WHAT IS NEEDED> Your reply should be the following data, copied exactly.

THE DATA>
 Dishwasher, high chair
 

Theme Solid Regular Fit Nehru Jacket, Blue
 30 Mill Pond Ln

RESPONSE BELOW>
 Dishwasher, high chair
 

Theme Solid Regular Fit Nehru Jacket, Blue
 30 Mill Pond Ln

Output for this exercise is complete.